Evolution of the Horse.
Florida Museum of Natural History

Very wrong again.

Do you have parents? Why? Couldn’t God have created you without needing parents?

I thought symbiote was what they stuffed in the haggis.

Nah, that’s the parasite!

Which also includes knowledge inferred from observation via a consistent falsifiable theory.

For example, we can’t actually see the nucleus of a carbon atom, but we know that it contains six protons. How do we know there are six if we can’t even see them, much less count them? Well, we can observe results of certain tests on things like wavelengths of X-rays, and use those results plus atomic theory to infer that the carbon nucleus has six protons.

Similarly, even if we haven’t directly observed the entire process of evolution of a particular symbiotic relationship, we can use observations of its current state plus fossil forms and related organisms to infer, via the theory of evolution, how it developed.

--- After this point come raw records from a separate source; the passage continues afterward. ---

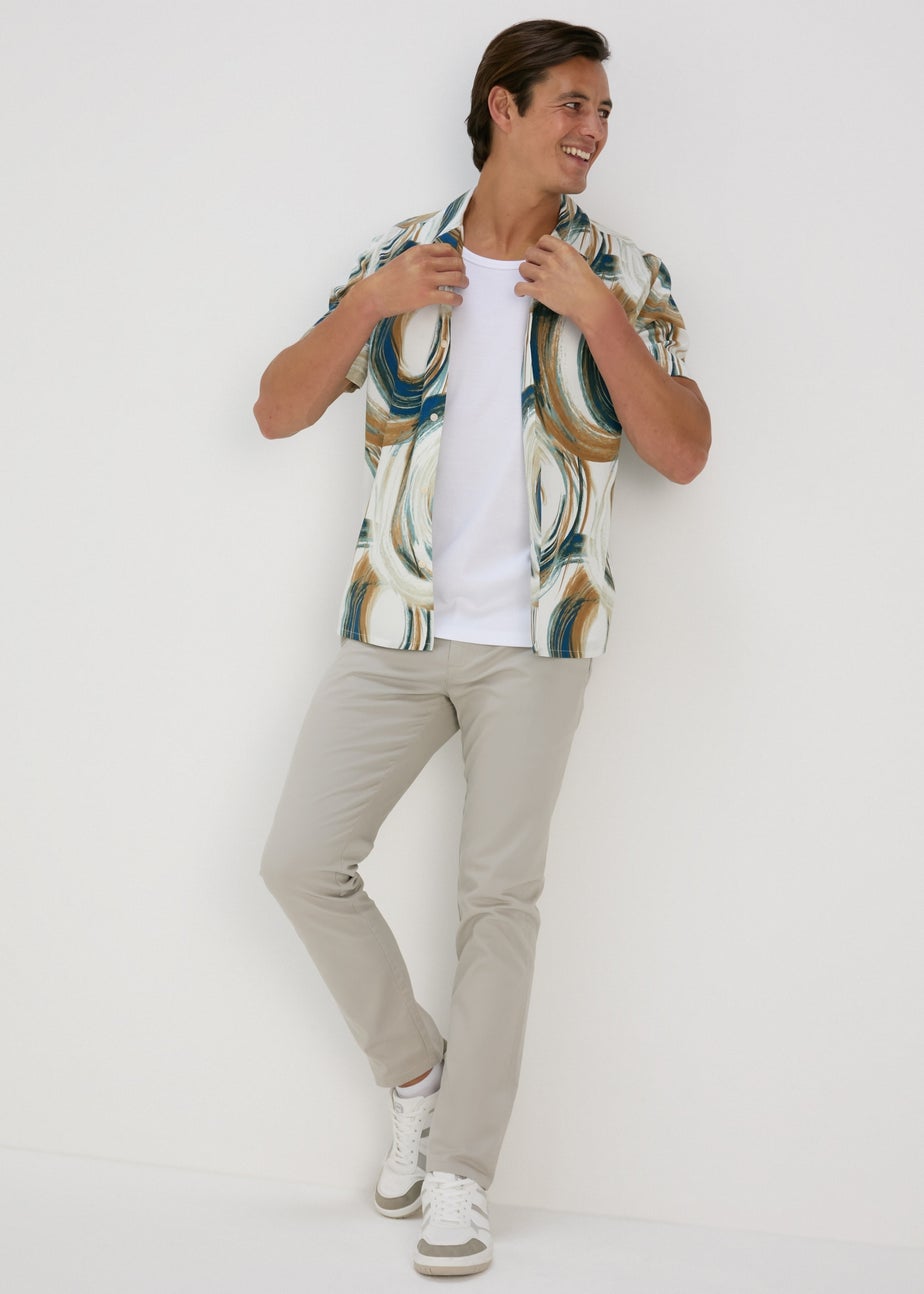 Ecru Abstract Swirls Shirt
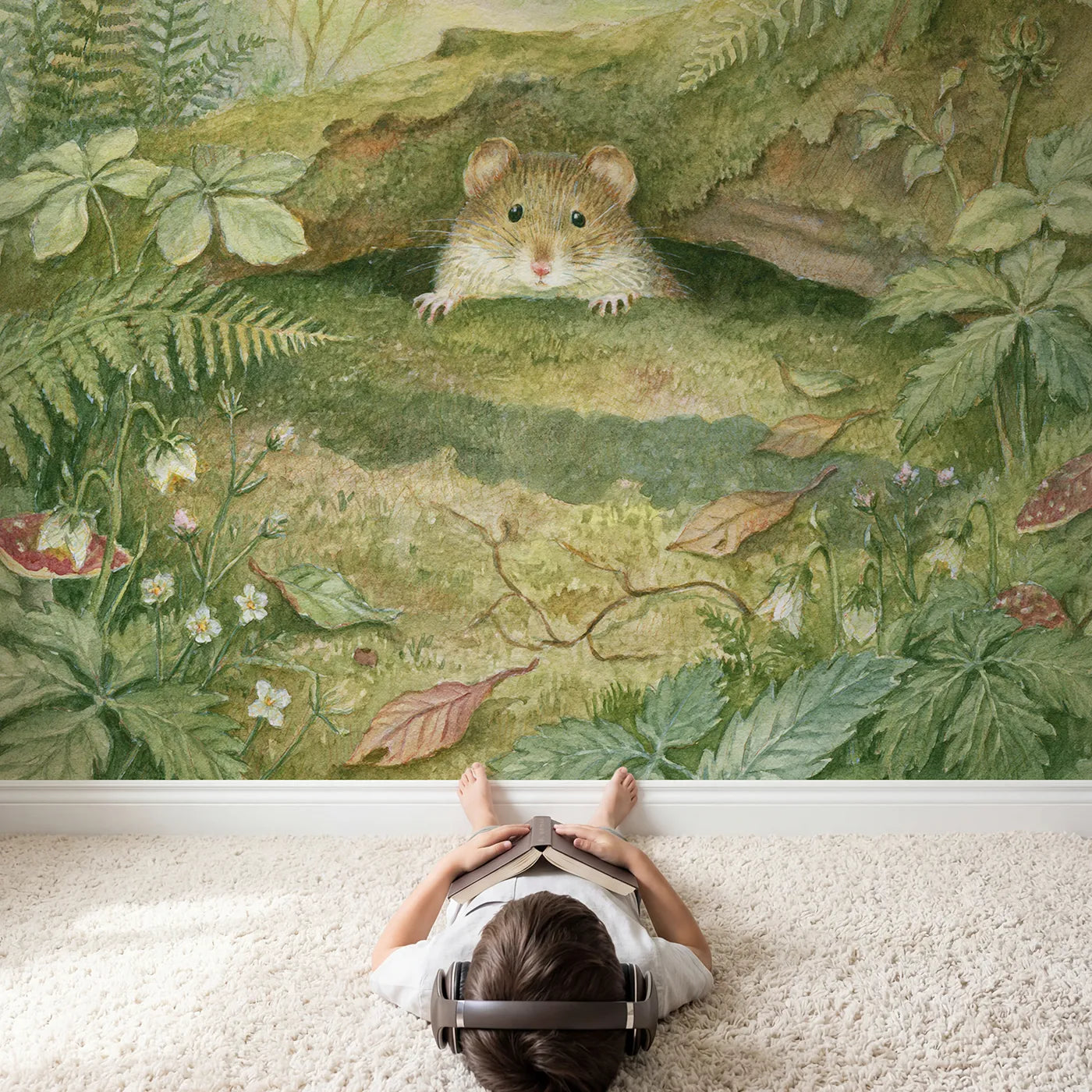 Child in nursery with Little Bank Vole Wallpaper Mural by Whimsy Tots
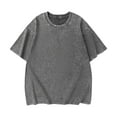 thumbnail image 1 of VSSSJ Men's Oversized T Shirts Cotton Washed Vintage Tee Loose Fit Short Sleeve Crewneck Casual Baggy Basic Tops Streetwear Dark Gray XXL, 1 of 2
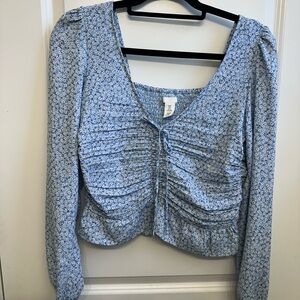 H&M Light Blue Floral Ruched Blouse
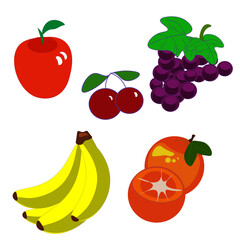 set of fruits and berries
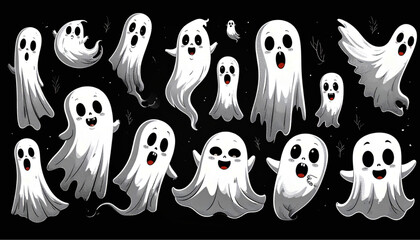Obraz premium Adorable Cartoon Ghosts with Various Expressions and Poses for Halloween.
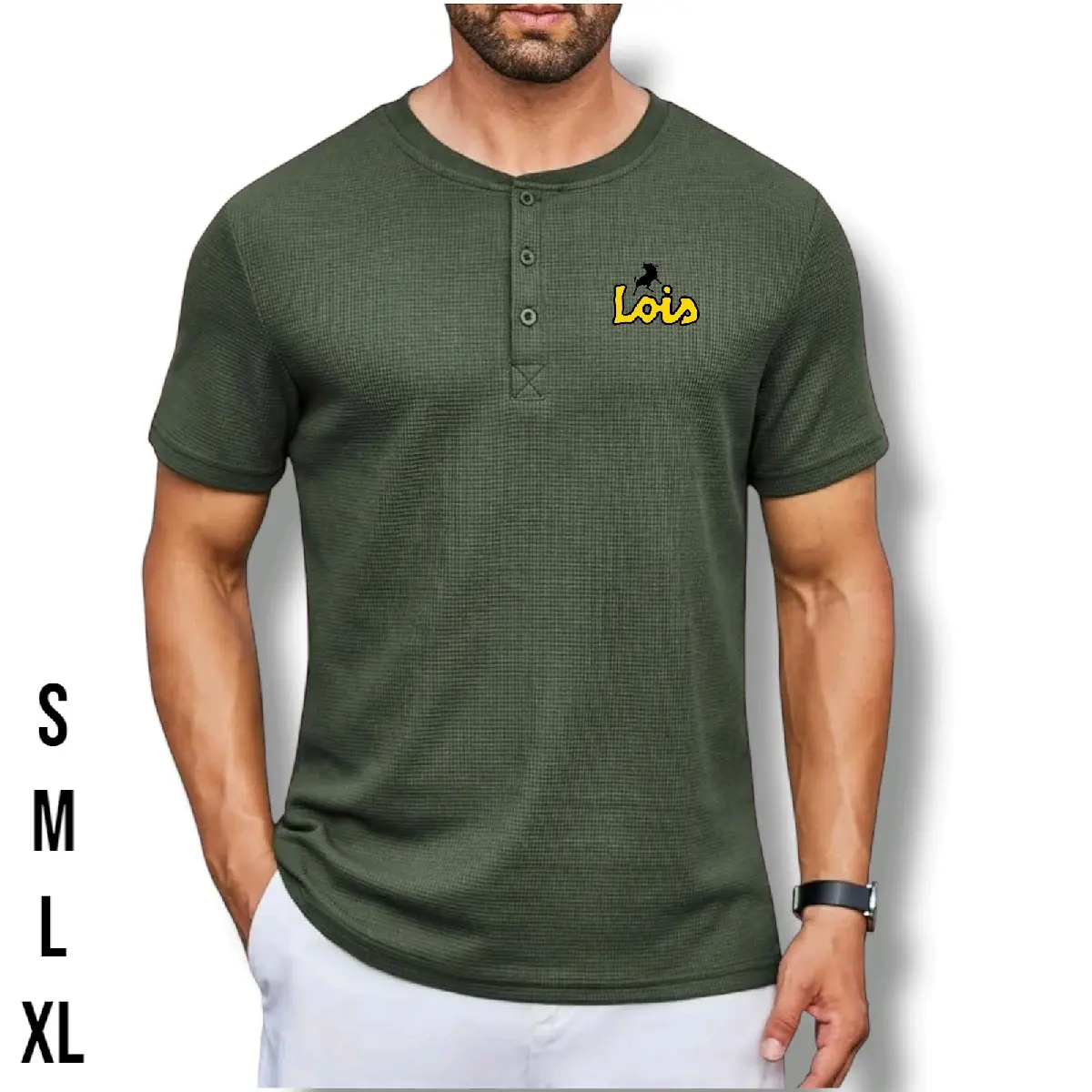 KAOS KANCING WAFFLE PREMIUM PRIA LENGAN PENDEK TERPOPULER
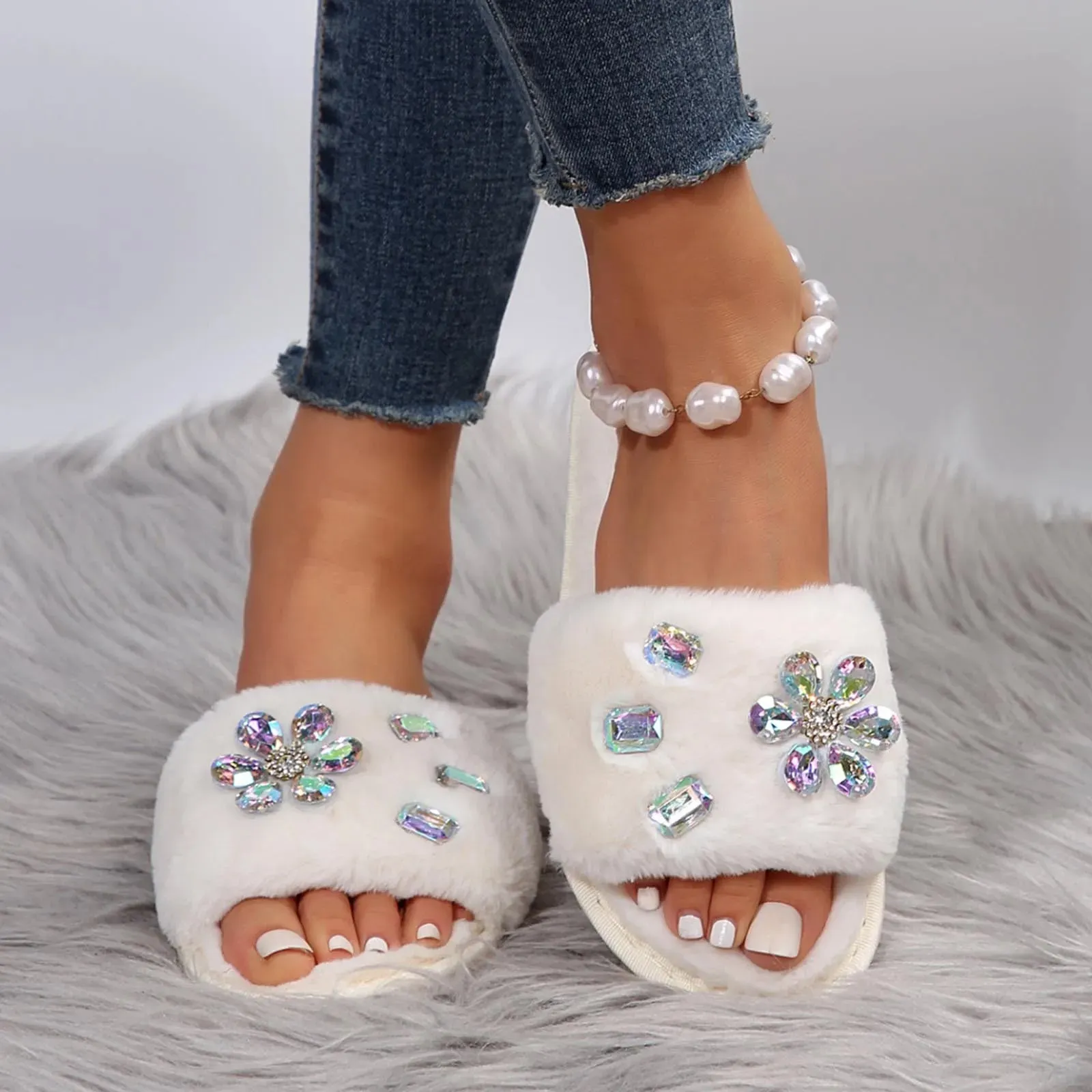 Flower Rhinestone Slippers for Women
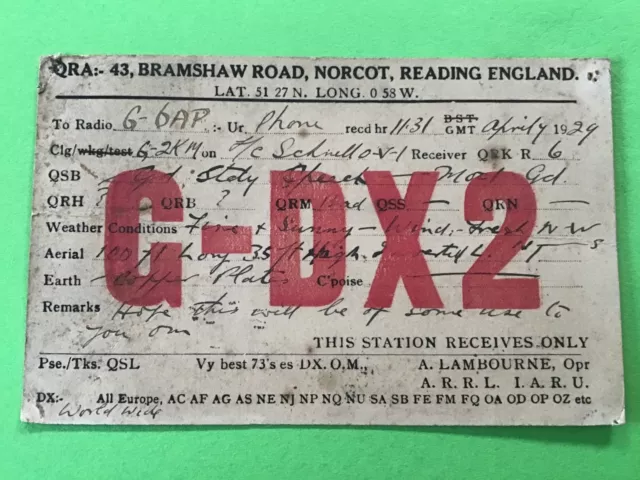 British QSL Radio Card 1929 G-DX2 Reading  R44319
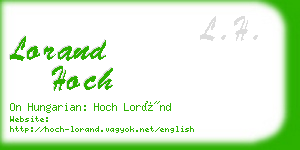 lorand hoch business card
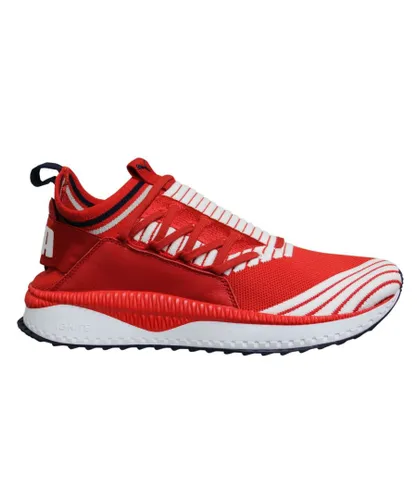 Puma TSUGI Jun Sport Stripes Low Lace Up Mens Slip On Running Trainers 367519 03 - Red Textile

There’s nothing unscientific about that. In fact, what’s profoundly unscientific is your insistence that science tells us nothing about any natural phenomena except those we can observe directly.

On the contrary, figuring out what our observations tell us indirectly about natural phenomena is the core mission of science.

What’s your point?

[QUOTE=reef shark]
I noticed you (and everyone else) still have not cited any obligate symbiotic relationships, despite my several requests.
[/QUOTE]

You haven’t actually asked us to provide examples of obligate symbiotic relationships. I was the one who first brought up the term, and you didn’t even seem to know what it was when you started the thread. As I’ve already pointed out, facultative symbioses are much more common than obligate ones.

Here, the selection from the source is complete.